Friday, April 23, 2010

on the mysteries of how things taste

I was just heading into the kitchen for, oh, my sixth cup of coffee or so, when I realized that coffee no longer tasted good, despite the fact that I'd just expressed it out of my machine and it was fresh and, visually at least, topped with a perfect crema. This is a well-known phenomenon in my taste history: the one-too-many-coffees syndrome. It's a shame, but evidently my body has a turn-off mechanism, and it has now decided that I don't get anymore coffee today.

That's very odd, though, isn't it? How is it that something that tastes so perfectly delicious and is so exactly what you want at one moment can become repellent in the space of ten minutes? It's not like anything happened in that time period. I didn't eat anything that might have affected the taste, for example. My coffee desire simply shut off.

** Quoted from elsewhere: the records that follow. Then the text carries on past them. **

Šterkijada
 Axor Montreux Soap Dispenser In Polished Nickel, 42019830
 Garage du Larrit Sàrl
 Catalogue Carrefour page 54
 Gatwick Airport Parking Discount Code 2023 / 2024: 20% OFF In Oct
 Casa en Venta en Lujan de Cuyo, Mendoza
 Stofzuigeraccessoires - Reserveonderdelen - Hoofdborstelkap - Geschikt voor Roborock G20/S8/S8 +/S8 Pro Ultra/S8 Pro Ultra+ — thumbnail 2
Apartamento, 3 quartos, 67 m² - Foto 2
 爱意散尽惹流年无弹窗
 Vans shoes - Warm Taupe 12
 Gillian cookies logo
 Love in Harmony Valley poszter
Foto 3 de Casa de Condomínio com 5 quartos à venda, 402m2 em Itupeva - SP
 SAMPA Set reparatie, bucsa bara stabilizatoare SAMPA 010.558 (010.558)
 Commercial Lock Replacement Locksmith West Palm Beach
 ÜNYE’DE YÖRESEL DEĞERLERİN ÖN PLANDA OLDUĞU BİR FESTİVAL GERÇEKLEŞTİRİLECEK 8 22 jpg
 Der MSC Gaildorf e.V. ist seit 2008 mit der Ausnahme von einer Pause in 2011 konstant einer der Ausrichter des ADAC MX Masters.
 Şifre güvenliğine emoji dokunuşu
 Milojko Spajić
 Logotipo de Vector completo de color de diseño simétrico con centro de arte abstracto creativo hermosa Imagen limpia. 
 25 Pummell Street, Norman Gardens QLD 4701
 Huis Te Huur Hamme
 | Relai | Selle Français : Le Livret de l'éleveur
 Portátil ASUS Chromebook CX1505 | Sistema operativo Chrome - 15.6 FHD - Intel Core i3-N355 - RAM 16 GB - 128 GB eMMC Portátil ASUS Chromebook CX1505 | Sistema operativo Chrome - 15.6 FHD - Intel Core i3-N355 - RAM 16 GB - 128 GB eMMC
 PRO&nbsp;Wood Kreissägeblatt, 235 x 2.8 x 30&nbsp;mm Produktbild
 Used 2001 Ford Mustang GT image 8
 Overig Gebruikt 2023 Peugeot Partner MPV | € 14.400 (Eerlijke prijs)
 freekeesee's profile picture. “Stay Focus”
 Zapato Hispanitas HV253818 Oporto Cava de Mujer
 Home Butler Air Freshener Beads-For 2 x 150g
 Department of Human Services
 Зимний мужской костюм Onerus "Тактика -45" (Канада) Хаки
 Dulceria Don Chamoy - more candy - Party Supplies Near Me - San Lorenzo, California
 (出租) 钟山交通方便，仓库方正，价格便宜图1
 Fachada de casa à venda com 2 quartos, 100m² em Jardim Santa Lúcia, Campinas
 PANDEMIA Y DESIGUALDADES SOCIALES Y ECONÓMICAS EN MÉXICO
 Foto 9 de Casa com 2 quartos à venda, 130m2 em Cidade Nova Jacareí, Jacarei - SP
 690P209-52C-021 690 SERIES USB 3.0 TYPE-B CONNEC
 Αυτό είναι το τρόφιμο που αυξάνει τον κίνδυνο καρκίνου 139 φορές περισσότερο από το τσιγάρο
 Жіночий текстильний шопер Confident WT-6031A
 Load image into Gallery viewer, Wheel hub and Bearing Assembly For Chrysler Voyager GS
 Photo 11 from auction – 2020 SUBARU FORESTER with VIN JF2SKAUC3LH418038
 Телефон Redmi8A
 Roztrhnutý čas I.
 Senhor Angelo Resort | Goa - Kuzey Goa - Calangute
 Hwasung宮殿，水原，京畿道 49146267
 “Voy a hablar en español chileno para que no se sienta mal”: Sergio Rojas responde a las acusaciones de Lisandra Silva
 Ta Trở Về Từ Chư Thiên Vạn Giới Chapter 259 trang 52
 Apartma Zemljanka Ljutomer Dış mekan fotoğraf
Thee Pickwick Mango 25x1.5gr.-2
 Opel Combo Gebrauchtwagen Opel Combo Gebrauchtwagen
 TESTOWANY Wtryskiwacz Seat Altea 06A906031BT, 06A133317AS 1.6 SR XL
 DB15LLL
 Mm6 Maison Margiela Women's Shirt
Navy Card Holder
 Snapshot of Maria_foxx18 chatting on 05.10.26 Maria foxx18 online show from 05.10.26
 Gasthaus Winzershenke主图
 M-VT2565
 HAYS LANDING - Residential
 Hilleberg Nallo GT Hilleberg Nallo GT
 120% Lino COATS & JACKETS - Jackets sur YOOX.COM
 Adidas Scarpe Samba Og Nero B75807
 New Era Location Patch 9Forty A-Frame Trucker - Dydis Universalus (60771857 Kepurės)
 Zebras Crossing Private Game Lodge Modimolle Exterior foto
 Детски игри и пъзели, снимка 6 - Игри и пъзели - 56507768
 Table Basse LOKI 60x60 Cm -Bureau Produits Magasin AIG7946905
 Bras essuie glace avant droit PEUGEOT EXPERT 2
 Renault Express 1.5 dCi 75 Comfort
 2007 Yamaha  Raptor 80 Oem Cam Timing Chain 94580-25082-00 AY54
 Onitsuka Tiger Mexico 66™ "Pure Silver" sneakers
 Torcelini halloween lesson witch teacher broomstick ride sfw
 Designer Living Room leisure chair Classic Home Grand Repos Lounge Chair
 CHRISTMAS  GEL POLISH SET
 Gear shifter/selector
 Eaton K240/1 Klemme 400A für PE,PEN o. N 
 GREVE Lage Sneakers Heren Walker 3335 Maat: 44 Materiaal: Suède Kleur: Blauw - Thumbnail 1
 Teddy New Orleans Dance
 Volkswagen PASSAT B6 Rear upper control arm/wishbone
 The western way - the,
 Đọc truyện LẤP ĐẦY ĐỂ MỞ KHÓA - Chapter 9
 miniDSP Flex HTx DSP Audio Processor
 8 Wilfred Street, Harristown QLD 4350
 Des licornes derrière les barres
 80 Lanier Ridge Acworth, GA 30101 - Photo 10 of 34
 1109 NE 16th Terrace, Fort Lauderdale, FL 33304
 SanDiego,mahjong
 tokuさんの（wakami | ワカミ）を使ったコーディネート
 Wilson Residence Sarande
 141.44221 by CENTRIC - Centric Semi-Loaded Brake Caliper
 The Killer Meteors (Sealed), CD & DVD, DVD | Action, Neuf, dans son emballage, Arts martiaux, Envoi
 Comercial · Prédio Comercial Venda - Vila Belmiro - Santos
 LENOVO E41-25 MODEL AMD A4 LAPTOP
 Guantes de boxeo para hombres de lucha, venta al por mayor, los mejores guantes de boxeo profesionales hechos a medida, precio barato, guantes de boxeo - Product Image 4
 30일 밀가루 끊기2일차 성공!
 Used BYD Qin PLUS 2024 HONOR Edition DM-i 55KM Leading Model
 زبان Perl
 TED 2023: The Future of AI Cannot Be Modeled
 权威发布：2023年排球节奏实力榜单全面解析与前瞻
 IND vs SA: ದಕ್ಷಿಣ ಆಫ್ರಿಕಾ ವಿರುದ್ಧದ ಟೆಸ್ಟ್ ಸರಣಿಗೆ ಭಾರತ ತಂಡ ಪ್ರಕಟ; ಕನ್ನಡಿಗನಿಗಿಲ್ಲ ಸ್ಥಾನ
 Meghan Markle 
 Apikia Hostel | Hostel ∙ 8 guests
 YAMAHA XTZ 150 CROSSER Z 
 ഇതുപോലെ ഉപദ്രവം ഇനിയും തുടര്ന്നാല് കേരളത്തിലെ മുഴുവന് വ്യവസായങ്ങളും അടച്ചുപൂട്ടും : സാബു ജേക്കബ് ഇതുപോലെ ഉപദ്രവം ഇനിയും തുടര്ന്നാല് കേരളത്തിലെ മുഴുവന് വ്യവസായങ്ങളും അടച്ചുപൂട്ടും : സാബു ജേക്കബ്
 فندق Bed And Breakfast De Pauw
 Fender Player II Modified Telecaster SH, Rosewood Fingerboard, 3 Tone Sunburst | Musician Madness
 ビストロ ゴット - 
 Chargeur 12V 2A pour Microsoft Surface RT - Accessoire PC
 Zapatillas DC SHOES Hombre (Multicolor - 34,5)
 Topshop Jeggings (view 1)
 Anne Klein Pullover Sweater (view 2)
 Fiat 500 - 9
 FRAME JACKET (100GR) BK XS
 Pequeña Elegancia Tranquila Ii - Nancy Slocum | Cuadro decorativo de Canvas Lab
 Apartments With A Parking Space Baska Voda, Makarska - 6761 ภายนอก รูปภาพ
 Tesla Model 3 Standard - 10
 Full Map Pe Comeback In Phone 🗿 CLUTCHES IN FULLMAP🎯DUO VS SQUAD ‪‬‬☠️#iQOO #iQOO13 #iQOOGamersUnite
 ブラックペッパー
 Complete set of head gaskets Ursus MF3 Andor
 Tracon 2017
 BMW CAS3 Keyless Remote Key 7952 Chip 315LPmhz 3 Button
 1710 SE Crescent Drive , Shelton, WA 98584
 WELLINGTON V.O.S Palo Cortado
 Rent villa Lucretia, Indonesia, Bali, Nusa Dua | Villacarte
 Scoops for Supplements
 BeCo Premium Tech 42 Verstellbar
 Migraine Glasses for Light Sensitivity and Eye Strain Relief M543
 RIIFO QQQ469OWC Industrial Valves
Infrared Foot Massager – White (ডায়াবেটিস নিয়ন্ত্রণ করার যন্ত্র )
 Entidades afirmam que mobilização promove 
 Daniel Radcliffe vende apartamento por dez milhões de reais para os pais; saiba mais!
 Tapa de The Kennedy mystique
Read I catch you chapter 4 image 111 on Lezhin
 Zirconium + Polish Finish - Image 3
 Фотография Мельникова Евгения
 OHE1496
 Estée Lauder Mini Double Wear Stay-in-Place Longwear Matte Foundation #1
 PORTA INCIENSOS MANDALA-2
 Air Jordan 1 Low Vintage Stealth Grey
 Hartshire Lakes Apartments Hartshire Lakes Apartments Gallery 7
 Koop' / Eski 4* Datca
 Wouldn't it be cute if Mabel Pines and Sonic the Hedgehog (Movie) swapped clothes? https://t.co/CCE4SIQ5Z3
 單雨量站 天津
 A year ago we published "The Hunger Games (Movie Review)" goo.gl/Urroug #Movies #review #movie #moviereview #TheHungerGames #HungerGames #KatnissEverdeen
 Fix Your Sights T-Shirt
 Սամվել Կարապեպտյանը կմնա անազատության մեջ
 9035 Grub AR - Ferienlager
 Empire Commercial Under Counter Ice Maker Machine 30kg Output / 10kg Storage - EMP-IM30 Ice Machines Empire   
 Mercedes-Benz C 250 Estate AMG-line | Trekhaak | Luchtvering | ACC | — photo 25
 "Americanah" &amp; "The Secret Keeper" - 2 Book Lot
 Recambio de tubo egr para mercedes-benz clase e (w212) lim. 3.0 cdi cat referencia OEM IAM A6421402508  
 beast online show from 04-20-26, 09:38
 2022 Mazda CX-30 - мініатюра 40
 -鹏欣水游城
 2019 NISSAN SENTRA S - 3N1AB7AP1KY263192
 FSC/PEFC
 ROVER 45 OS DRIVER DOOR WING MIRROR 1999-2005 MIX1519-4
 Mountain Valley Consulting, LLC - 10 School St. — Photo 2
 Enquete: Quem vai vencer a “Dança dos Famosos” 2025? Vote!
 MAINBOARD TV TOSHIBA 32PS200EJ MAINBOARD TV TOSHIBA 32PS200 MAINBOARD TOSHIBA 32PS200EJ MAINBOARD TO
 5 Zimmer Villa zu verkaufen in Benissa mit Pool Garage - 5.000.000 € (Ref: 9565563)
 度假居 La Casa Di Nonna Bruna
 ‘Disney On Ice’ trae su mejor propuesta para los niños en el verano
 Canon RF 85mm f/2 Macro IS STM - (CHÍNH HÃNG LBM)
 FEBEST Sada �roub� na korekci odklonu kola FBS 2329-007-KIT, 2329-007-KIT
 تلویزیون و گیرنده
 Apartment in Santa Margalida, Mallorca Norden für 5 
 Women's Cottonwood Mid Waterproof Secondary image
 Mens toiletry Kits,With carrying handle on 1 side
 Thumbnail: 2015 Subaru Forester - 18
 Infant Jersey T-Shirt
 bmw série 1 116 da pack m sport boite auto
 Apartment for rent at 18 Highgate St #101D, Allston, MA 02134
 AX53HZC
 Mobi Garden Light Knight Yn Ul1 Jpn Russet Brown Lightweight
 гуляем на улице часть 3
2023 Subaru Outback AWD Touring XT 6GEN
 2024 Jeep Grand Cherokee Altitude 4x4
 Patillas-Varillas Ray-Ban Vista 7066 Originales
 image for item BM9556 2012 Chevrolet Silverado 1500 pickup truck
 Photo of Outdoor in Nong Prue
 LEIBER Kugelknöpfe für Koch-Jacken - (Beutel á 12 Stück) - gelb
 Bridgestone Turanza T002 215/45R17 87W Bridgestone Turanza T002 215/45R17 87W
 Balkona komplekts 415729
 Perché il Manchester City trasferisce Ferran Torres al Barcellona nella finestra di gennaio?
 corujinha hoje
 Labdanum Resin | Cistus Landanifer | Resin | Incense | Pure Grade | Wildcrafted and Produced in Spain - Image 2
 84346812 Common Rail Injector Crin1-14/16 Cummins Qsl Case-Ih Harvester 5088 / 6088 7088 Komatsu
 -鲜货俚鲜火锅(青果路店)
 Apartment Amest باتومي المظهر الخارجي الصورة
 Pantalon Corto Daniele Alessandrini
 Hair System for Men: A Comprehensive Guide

Now I have to wait twenty-four hours until my coffee will start tasting good again. I'm not sure how this works, but I'm quite sure I know why: if it weren't for my built-in shut-off mechanism, I'd probably keep drinking the stuff until I hurt myself. I never did have much self control.

1 comment:

jf said...

Yes! Laurel, I have exactly the same thing. The very same coffee I usually drink--made in just the same way--starts tasting dark, overcooked, and sort of metallic. And it smells that way too, instead of warmly welcoming and encouraging, as it usually does. I think you're so right. It's a kind of shut-off valve.